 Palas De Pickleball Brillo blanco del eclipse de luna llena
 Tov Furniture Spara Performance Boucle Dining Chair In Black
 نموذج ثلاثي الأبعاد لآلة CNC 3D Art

THE PROBLEM: Beginning with the line that contains "Tov Furniture Spara", return every line through the end of the data above, exactly as written.

FINAL ANSWER:
 Tov Furniture Spara Performance Boucle Dining Chair In Black
 نموذج ثلاثي الأبعاد لآلة CNC 3D Art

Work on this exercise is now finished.